Nokia's developer network hacked - draegtun
http://www.bbc.co.uk/news/technology-14706810
======
reemrevnivek
The link to Nokia's statement is broken. The correct link is
<http://www.developer.nokia.com/Community/Discussion/>, which will probably
get taken down soon. It reads:

\------------------------------------------------

You may have seen reports or received an email from us regarding a recent
security breach on this developer.nokia.com/community discussion forum.

During our ongoing investigation of the incident we have discovered that a
database table containing developer forum members' email addresses has been
accessed, by exploiting a vulnerability in the bulletin board software that
allowed an SQL Injection attack. Initially we believed that only a small
number of these forum member records had been accessed, but further
investigation has identified that the number is significantly larger.

The database table records includes members’ email addresses and, for fewer
than 7% who chose to include them in their public profile, either birth dates,
homepage URL or usernames for AIM, ICQ, MSN, Skype or Yahoo.
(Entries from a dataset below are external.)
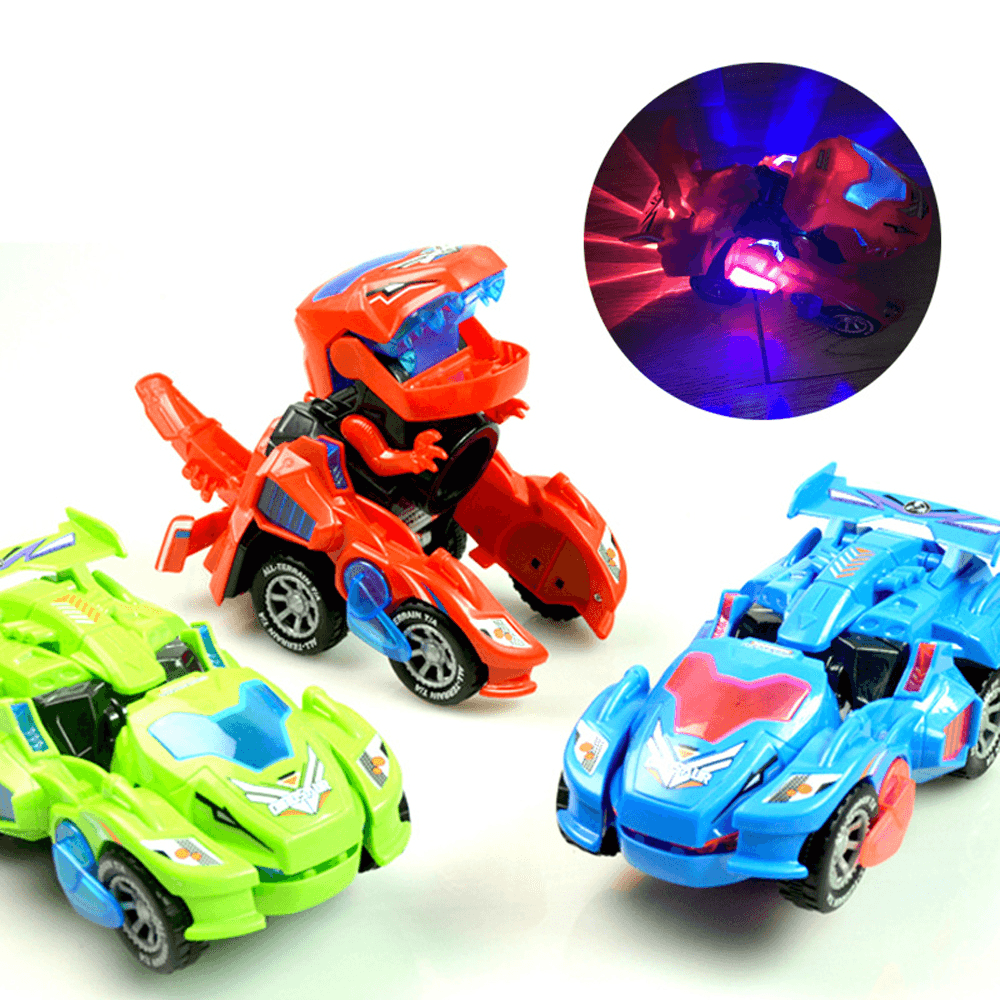 HG-788 Electric Deformation Dinosaur Chariot Deformed Dinosaur Racing Car Children'S Puzzle Toys with Light Sound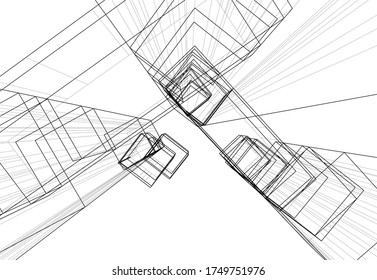 abstract concept architecture 3d vector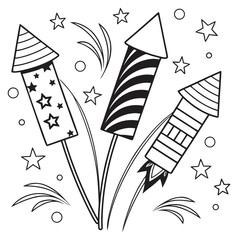 Three firework rockets with stars and circles for kids coloring page black and white vector outline illustration isolated on white background festive firecracker design elements for holiday project.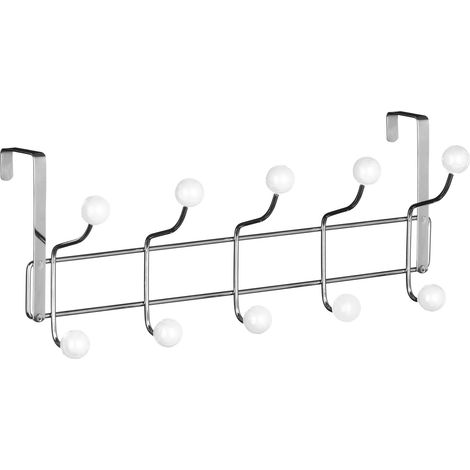 Interiors by Premier Over Door Hanger, 10 White Ball Hooks Door Hanger, Space-Saving Door Hanger for Living Room and Hallway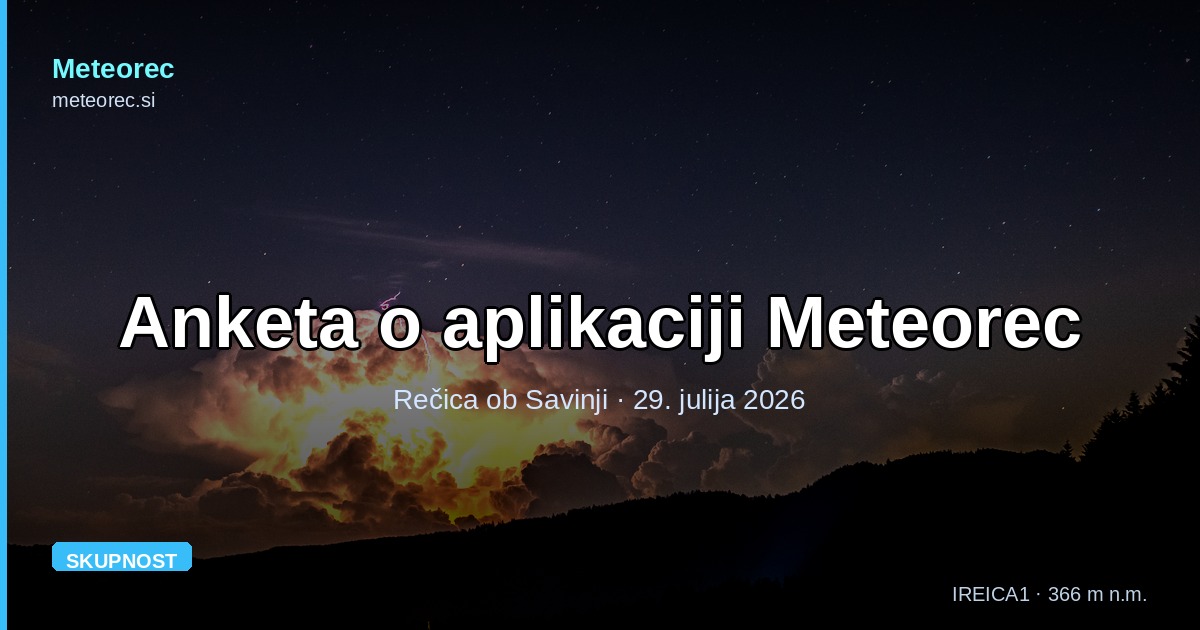 Anketa o aplikaciji Meteorec: 10 proti 9 – zakaj to ni odgovor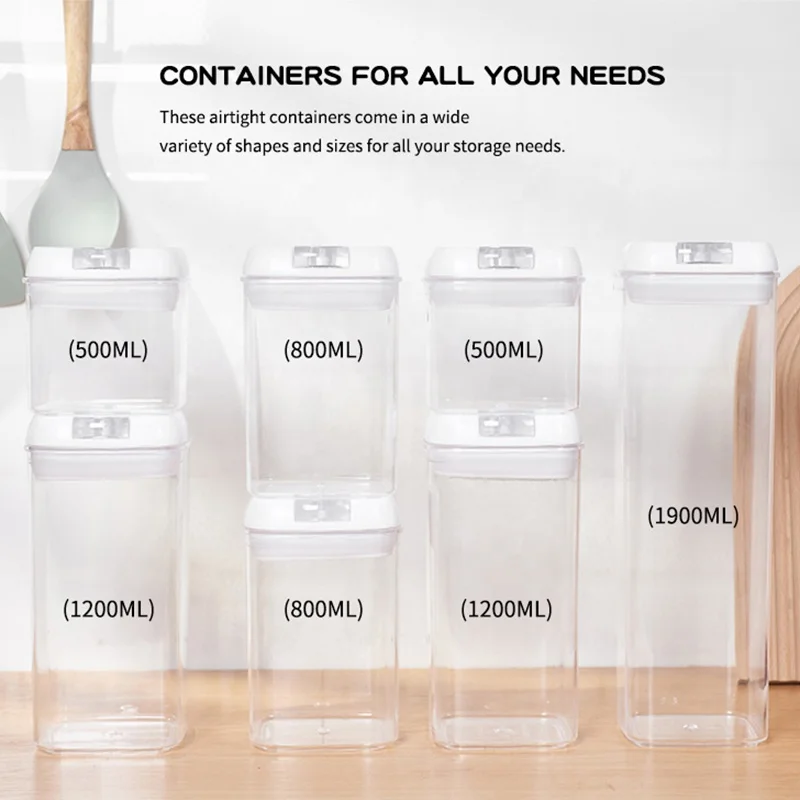 6 Pieces Crisper Stackable Pantry Organizer BPA Free Clear Cereal Pasta Kitchen Airtight Food Storage Container Plastic Set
However, they do
not contain sensitive information such as passwords or credit card details and
so we do not believe the security of forum members’ accounts is at risk. Other
Nokia accounts are not affected.

We are not aware of any misuse of the accessed data, but we are communicating
with affected forum members, though we believe the only potential impact to
them may be unsolicited email. Nokia apologizes for this incident.

Though the initial vulnerability was addressed immediately, we have now taken
the developer community website offline as a precautionary measure, while we
conduct further investigations and security assessments. We hope to get the
site back online as soon as possible and will post developments here in the
meantime.

If you have any questions on this, please contact Nokia.developer-discussions-
support@nokia.com.

The Nokia Developer website team.

\------------------------------------------------